### EXERCISE DETAILS
Repeat exactly the line with "เป็นหัวหน้าพรรคก้าวไกลแถว 3 ชี้ไม่อยากเห็นการยุบพรรคซ้ำๆ" and each line after it to the end of the data below; pictures stay out.

### DATA SHOWN
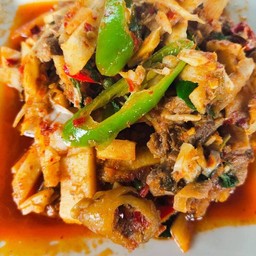 ผัดเผ็ดหน่อไม้ดองไก่บ้าน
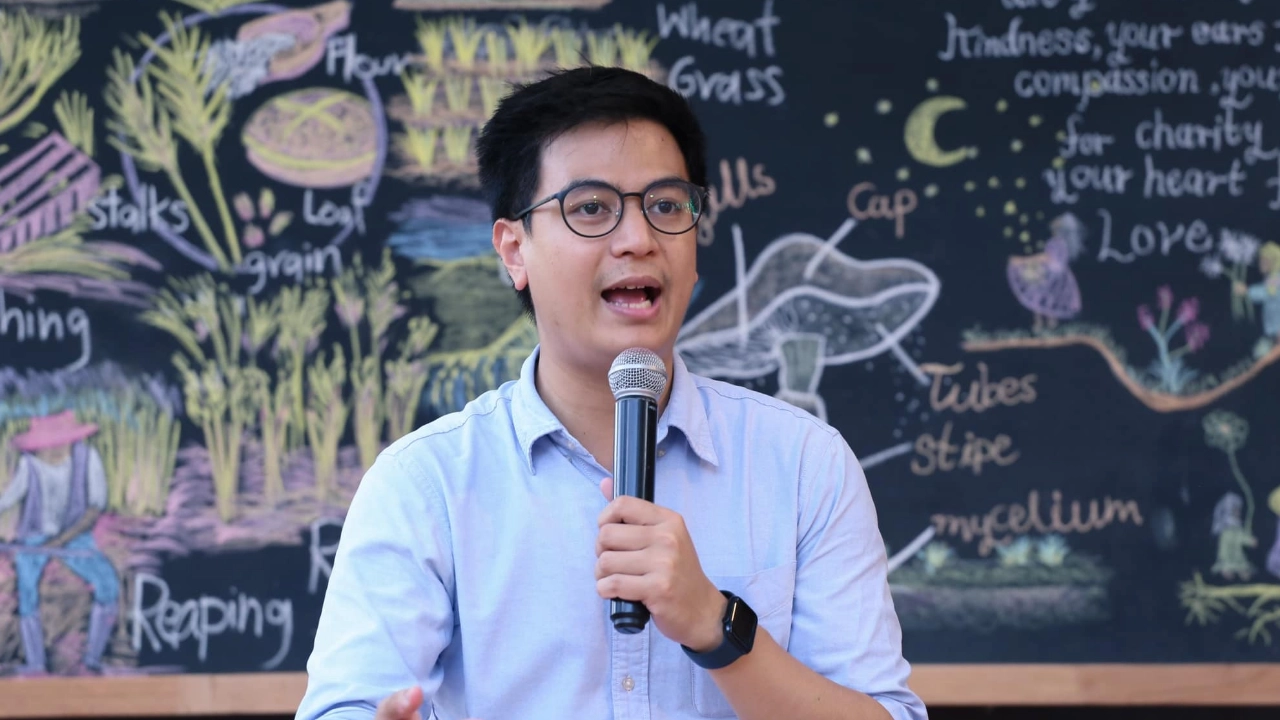 “ไอติม” ปัดตอบ เป็นหัวหน้าพรรคก้าวไกลแถว 3 ชี้ไม่อยากเห็นการยุบพรรคซ้ำๆ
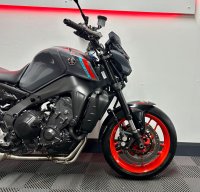 YAMAHA MT-09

### RESULT OF THE EXERCISE
 “ไอติม” ปัดตอบ เป็นหัวหน้าพรรคก้าวไกลแถว 3 ชี้ไม่อยากเห็นการยุบพรรคซ้ำๆ
 YAMAHA MT-09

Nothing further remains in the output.